Tıpkı telefonunuza uygulama güncellemesi indirir gibi çamaşır ve kurutma makineniz de güncellemelerle değişen yaşam tarzınıza ayak uyduruyor. 

Akıllı deterjan yönetimi: i-Dos ile her yıkamada doğru ölçü 

Makineyi tamamen doldurunca veya tek parça kıyafeti makineye attığınızda ne kadar deterjan koyacağınızı bilemiyor olabilirsiniz. İşte tam bu noktada i-Dos Deterjan Tarama teknolojisi devreye giriyor. Siemens Home Connect üzerinden şişelerin barkodunu okutup su sertliği ve deterjan yoğunluğunu makineye iletiyor, i-Dos ise her yıkamada doğru miktarı otomatik olarak ayarlıyor. Üstelik Siemens Home Connect uygulaması, deterjan seviyesini takip ederek deterjanınız tükenmeden önce size haber veriyor. Tek yapmanız gereken uygulamayı telefonunuza yüklemek ve çamaşır makinenizi uygulamaya bağlamak. 

stainRemoval teknolojisi: Zorlu lekelerle inatlaşmayı unutun 

Çay, yağ, makyaj, çikolata lekeleri… Gün içinde fark etmeden üzerinize bulaşan lekeler artık kâbus olmaktan çıkıyor.
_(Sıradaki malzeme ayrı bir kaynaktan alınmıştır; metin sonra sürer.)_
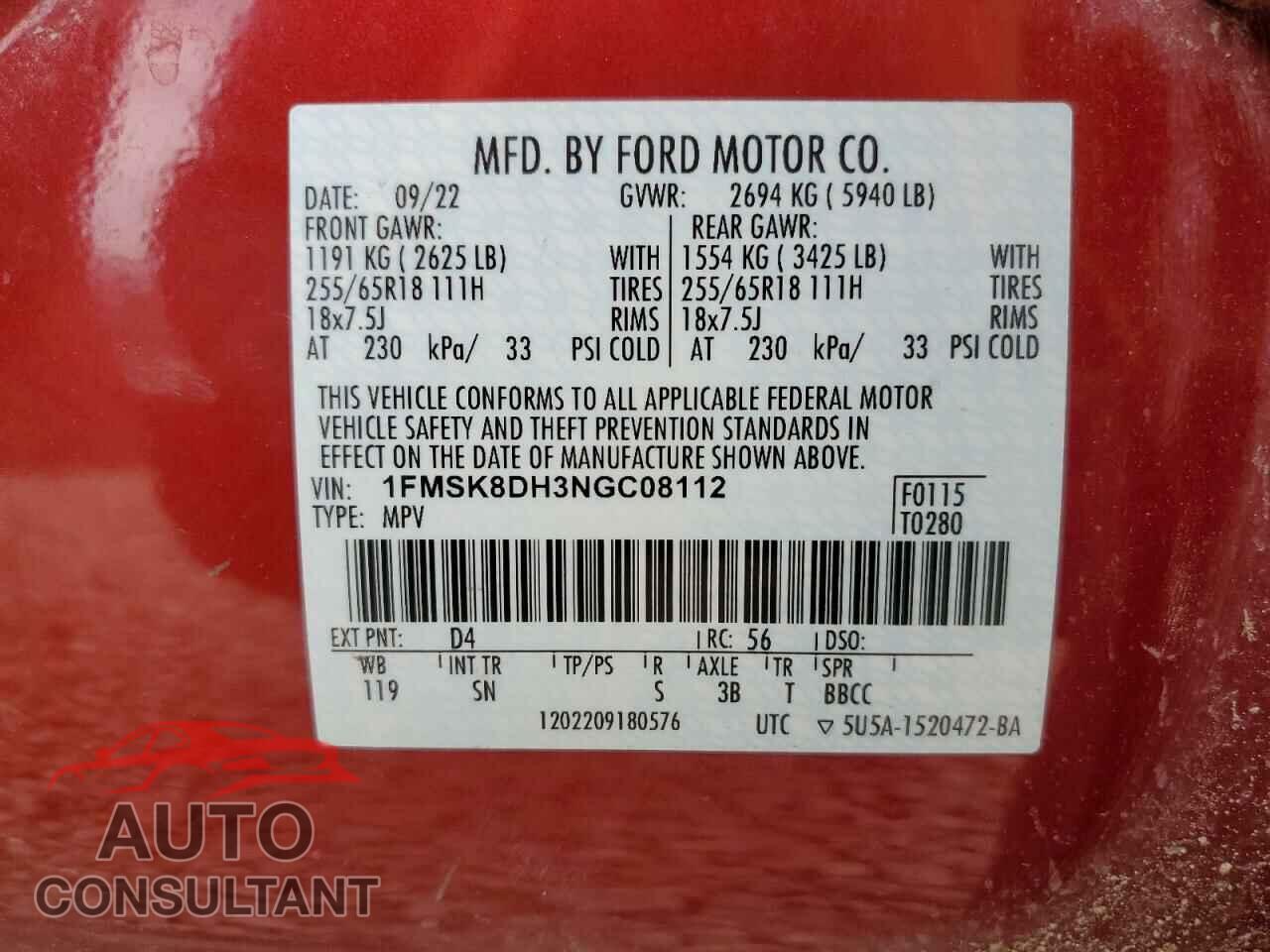 FORD EXPLORER 2022 - 1FMSK8DH3NGC08112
Siemens iQ500 çamaşır makinesi ile stainRemoval teknolojisi devreye giriyor. Tek bir dokunuşla çay, yağ, kozmetik veya günlük hayatta karşılaştığınız diğer zor lekeler için özel programları aktif edebilirsiniz. 

Siemens Home Connect uygulaması sayesinde daha fazla leke türünü ve bunlar için geliştirilmiş özel programları keşfetmek de mümkün. Yani sadece “lekeyi çıkar” demekle kalmıyor, sizin için en doğru yıkama programını da otomatik olarak öneriyor. Böylece hem lekelerle uğraşmak zorunda kalmıyor hem de giysilerinizin ömrünü koruyorsunuz. 

Artık çocuğunuza yemek yedirirken dökülen yemek lekeleri, kahve kazaları ya da mutfakta sıçrayan yağ lekeleri sizi endişelendirmiyor. stainRemoval, günlük hayatın getirdiği küçük sürprizlere karşı en güvenilir yardımcınız oluyor. 

Siemens iQ500 çamaşır ve kurutma makineleri, artık sadece kıyafetlerinizi temizleyen makineler değil; size zaman, konfor ve güven veren akıllı iş ortaklarınızdır. Ütüye harcadığınız vakti kendinize ayırın, lekelerle uğraşmayı unutun ve teknolojinin yaşam alanınıza uyumunun keyfini yaşayın.

*Bu yazı Siemens’in katkılarıyla hazırlanmıştır.